0
$\begingroup$

Just started a Differential equations class. Not sure if i'm understanding this right. Please verify if i'm correct, or please explain on how to go about this. Thanks!

Torricelli's Law.

Suppose a cylindrical container containing a fluid has a drain on the side. Torricelli's law states that the change in the height of the fluid above the middle of the drain is proportional to the square root of the height. Let $h(t)$ denote the height of the fluid above the middle of the drain. Determine a differential equation in $h(t)$ that models Torricelli's law.

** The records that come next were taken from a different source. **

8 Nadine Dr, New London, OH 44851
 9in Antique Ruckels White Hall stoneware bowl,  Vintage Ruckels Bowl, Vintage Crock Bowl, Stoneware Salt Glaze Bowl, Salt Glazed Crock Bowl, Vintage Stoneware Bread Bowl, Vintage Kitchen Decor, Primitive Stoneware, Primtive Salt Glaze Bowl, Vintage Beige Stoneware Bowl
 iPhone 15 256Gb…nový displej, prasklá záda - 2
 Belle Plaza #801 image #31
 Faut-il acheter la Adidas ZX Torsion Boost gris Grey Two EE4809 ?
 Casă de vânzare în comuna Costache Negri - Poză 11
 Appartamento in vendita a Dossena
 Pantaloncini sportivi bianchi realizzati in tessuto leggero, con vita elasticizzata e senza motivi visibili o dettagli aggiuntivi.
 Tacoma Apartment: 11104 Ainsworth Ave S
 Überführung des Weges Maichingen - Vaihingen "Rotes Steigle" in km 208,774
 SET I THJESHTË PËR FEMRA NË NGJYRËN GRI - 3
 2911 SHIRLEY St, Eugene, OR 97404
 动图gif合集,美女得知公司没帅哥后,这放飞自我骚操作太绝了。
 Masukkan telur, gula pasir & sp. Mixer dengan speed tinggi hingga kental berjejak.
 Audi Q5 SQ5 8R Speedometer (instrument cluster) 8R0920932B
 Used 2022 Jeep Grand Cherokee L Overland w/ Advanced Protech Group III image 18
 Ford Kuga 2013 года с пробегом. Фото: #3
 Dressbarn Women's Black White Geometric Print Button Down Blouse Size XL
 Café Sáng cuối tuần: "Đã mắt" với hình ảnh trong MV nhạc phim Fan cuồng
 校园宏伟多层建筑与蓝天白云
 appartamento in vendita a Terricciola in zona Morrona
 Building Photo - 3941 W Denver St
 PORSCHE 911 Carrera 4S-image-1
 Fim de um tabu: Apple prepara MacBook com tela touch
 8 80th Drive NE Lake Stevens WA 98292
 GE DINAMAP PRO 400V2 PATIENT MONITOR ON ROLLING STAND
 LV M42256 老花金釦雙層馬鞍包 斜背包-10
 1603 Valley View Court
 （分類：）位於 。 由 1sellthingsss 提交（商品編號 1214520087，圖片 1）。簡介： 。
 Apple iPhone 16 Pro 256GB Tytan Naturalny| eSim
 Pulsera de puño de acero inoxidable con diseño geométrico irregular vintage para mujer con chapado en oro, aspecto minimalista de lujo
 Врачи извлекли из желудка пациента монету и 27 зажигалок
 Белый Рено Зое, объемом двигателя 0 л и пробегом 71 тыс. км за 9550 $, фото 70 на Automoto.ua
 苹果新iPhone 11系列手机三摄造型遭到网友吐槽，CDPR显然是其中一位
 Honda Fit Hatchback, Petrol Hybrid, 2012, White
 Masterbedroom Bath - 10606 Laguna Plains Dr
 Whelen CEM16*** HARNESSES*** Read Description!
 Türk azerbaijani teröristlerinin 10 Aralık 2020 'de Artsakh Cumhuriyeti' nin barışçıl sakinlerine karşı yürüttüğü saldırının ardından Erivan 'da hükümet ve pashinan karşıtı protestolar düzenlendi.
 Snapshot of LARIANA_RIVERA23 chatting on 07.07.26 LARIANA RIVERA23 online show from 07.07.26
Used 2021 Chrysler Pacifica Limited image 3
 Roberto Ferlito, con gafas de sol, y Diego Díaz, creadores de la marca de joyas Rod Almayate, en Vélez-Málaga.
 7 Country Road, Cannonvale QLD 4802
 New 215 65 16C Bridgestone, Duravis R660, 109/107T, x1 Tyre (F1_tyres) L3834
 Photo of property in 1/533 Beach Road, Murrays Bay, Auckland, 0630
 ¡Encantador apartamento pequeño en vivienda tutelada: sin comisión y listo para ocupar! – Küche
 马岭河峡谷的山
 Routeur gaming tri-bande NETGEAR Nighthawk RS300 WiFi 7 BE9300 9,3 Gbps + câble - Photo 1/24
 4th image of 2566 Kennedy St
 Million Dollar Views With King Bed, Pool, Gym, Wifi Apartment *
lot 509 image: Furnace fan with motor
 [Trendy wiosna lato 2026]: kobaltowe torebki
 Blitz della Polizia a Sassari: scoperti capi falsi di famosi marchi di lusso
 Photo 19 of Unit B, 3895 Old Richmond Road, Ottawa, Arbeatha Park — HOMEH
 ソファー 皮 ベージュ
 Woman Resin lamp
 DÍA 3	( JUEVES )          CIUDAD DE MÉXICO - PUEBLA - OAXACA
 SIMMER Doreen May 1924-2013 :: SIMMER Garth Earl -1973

What I came up with was...

$h(t) = \frac{2h^\frac{2}{3}}{3}$

  • 1
    It's asking for a *differential equation*, not a solution to a differential equation. So your result should involve $h'(t)$.2017-01-28
  • 0
    Okay, makes sense.2017-01-28
  • 0
    Can you further explain on how to approach the problem please?2017-01-28
  • 0
    Well, what does "$y$ is proportional to the square root of $x$" look like in symbols? Then replace $y$ with $h'$ and $x$ with $h$.2017-01-28
  • 0
    "$h' = \sqrt{h}"$ ?2017-01-28

1 Answers 1

1

The question states that the change in height of the fluid is proportional to the square root of the height.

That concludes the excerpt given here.